# TASK INSTRUCTIONS
Whenever a picture appears in the listing below, leave it out, and copy exactly the lines from the one containing "1:20, 10KM/H, 2" through the end.

····················

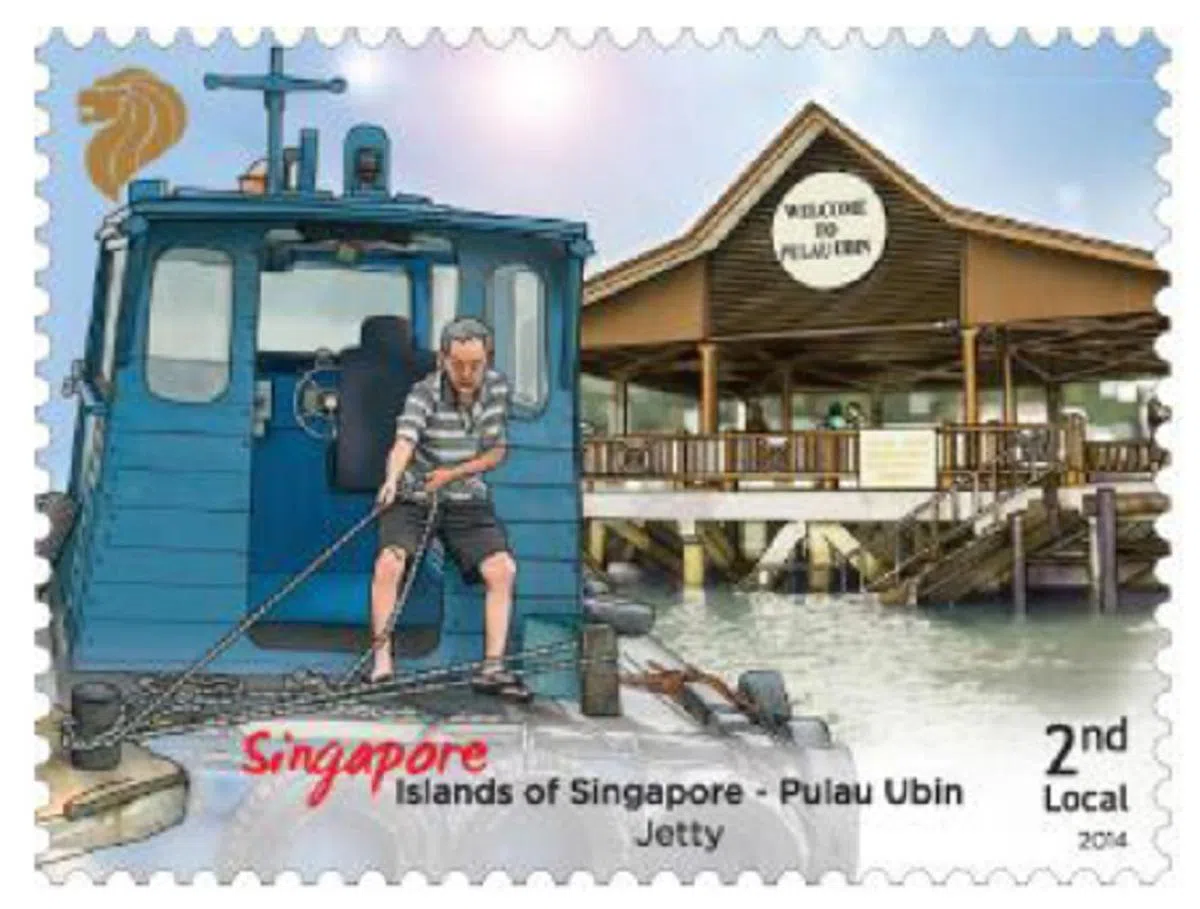  这张乌敏岛系列邮票上的船夫就是揭高财。（新加坡邮政） 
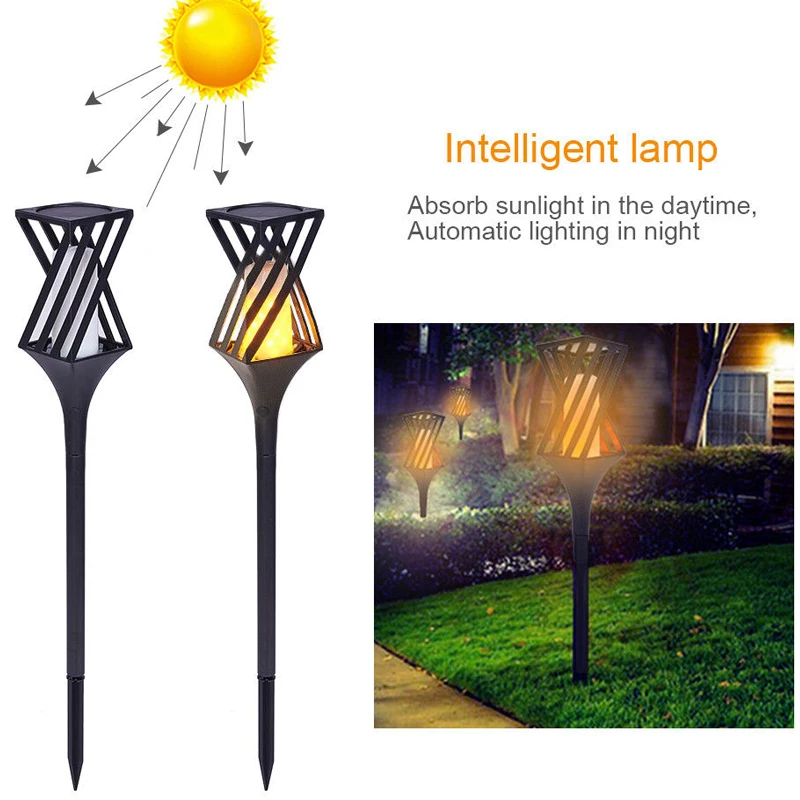 Лужайка свет Пейзаж огни пламя лампа для газона мерцающий экологичный Солнечный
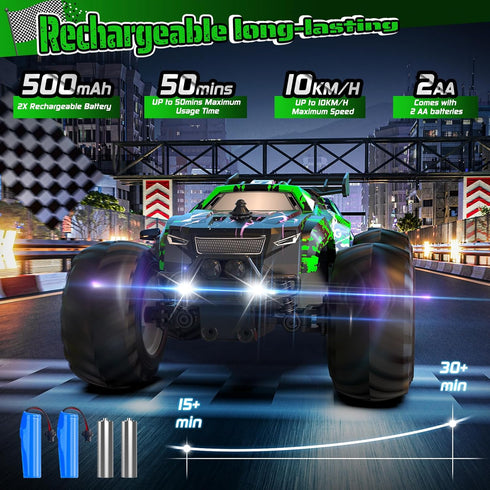 1:20, 10KM/H, 2 2.4GHZ, Remote Control Car, All-Terrain Remote Control Car for Boys, Rechargeable Rc Truck with LED
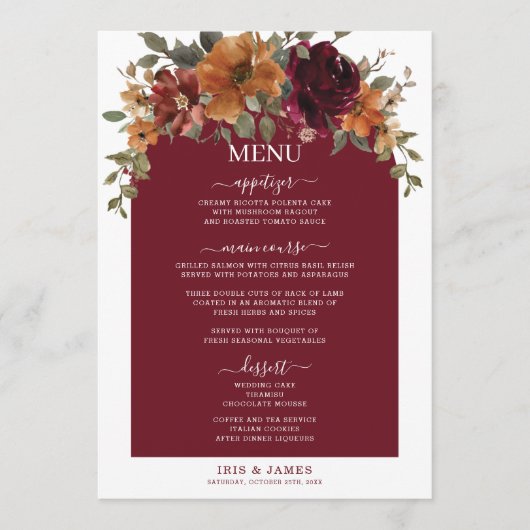 バーガンディ焼けオレンジ結婚フローラのメニュー プログラム (正面)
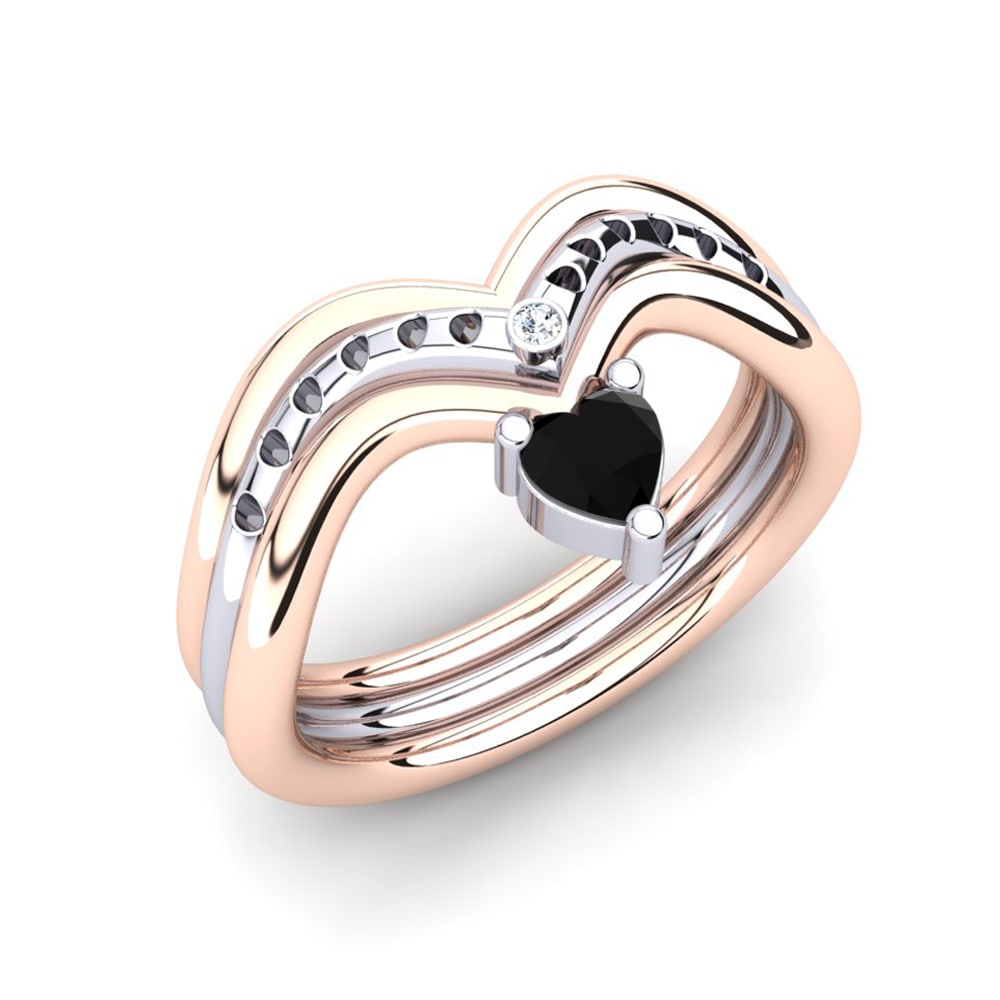 18k Oro Rosa & Blanco Diamante Negro Anillo Pinnata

····················

# COMPLETED TASK
 1:20, 10KM/H, 2 2.4GHZ, Remote Control Car, All-Terrain Remote Control Car for Boys, Rechargeable Rc Truck with LED
 バーガンディ焼けオレンジ結婚フローラのメニュー プログラム (正面)
 18k Oro Rosa & Blanco Diamante Negro Anillo Pinnata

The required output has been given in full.